## Work order
Across the entries, count the lines that include "Fruit" and report only that number.

## Provided information
━━━━━━━━━━━━━━━━━━━━━━━━━━━━━━
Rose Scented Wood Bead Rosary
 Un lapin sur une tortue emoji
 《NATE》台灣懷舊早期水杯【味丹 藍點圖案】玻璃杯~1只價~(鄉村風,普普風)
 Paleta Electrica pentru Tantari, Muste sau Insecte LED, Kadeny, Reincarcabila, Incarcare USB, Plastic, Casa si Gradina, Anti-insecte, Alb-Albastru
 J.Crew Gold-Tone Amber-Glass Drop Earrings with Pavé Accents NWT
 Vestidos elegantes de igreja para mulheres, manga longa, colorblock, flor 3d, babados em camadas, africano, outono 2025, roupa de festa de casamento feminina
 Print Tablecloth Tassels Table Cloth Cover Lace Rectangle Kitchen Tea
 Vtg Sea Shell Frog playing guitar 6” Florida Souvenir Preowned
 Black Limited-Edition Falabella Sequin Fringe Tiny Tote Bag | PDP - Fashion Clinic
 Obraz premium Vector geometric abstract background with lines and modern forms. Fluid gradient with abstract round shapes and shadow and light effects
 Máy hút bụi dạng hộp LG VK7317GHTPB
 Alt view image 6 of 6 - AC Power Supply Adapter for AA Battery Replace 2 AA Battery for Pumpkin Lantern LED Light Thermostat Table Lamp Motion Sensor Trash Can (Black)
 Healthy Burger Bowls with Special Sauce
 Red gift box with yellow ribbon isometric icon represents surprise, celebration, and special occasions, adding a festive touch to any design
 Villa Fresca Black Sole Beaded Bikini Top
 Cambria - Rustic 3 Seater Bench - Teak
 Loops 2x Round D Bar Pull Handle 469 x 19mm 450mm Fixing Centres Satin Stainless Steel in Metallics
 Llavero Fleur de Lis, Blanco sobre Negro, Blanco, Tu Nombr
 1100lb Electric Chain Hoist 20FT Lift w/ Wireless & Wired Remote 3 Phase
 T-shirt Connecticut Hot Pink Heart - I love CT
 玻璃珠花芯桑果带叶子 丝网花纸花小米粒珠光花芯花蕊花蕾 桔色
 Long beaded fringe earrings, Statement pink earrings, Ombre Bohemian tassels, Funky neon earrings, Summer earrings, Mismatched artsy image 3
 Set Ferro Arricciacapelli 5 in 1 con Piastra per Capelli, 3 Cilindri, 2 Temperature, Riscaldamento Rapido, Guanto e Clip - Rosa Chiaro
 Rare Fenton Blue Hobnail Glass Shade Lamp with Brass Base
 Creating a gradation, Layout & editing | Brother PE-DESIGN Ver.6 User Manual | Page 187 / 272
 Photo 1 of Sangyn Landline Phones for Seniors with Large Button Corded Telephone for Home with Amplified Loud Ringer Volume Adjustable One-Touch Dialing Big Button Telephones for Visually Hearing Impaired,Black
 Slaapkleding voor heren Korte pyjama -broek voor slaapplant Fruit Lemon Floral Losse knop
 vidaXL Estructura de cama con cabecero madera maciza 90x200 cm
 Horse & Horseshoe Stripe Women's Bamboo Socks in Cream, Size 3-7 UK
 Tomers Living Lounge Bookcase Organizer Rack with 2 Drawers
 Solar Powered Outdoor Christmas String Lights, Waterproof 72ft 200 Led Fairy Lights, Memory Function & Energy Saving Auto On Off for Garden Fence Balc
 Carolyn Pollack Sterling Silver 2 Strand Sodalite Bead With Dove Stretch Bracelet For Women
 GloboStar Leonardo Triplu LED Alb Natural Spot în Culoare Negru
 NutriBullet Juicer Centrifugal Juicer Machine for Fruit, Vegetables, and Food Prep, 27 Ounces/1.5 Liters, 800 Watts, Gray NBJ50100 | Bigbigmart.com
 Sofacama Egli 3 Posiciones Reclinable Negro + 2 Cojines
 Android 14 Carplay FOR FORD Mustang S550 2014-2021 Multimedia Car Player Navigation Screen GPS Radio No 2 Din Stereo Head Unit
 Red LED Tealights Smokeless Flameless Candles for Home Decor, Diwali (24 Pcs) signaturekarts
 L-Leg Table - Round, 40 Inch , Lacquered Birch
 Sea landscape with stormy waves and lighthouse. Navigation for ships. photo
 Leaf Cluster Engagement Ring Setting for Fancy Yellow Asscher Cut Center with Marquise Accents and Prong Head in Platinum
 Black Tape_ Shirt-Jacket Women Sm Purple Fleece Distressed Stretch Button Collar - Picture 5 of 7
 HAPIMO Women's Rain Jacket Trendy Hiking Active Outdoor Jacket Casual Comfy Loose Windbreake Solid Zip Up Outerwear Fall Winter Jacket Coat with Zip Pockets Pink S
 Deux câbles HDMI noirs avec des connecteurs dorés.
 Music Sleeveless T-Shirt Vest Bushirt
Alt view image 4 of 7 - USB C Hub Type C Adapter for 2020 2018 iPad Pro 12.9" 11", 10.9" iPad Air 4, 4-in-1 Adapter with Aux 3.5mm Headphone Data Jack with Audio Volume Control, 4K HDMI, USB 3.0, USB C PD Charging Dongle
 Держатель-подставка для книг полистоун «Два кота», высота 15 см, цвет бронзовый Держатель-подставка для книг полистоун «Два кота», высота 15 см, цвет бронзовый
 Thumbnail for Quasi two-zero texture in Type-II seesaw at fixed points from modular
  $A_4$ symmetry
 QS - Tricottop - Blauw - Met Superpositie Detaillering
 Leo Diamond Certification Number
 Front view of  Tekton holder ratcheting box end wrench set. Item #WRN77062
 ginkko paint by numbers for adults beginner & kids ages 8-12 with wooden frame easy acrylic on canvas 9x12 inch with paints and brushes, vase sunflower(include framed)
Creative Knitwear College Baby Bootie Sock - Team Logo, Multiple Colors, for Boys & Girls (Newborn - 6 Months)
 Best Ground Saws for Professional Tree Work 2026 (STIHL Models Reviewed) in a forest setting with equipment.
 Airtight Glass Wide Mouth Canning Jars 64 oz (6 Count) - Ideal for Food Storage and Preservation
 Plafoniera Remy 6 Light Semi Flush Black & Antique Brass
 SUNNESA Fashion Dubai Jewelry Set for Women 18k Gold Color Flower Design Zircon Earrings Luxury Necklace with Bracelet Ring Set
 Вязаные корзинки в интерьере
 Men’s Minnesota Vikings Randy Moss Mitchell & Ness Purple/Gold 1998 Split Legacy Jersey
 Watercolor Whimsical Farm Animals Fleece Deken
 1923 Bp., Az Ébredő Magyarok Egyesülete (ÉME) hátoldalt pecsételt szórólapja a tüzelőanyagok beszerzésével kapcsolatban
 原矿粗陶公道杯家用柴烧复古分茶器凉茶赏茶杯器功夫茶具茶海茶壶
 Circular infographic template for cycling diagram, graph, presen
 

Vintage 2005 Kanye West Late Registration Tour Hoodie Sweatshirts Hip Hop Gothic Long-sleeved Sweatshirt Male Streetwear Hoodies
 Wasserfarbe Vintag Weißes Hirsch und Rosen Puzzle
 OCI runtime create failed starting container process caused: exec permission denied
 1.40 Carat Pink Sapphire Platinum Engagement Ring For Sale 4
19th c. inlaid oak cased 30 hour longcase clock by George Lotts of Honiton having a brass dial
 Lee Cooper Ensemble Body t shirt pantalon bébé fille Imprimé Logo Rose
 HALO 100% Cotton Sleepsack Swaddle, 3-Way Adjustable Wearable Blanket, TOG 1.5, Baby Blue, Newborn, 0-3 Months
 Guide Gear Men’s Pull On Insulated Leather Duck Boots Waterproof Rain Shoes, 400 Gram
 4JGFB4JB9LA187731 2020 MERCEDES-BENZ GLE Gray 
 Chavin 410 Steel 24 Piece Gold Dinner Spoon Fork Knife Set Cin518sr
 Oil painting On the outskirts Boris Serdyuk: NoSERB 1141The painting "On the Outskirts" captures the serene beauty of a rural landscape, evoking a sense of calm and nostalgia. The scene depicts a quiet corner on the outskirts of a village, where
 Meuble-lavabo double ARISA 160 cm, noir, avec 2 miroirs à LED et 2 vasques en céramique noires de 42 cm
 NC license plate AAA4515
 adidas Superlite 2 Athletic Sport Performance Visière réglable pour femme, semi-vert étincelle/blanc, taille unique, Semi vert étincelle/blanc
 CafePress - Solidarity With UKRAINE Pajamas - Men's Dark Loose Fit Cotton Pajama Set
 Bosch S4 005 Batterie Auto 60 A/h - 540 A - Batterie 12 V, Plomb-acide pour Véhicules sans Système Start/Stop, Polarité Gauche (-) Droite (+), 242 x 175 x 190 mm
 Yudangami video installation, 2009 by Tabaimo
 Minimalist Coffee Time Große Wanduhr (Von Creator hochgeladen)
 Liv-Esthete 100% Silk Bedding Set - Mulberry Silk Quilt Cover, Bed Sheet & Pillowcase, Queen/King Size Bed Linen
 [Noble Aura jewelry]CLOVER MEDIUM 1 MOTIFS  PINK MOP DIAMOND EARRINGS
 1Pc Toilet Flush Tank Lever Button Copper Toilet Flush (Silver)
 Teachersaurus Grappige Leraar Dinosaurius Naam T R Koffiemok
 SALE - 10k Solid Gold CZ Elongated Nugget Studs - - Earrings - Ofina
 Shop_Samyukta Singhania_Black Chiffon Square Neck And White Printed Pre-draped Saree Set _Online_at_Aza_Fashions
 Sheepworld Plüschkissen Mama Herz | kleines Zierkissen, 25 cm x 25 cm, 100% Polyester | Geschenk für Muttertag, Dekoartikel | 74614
━━━━━━━━━━━━━━━━━━━━━━━━━━━━━━
## Result
2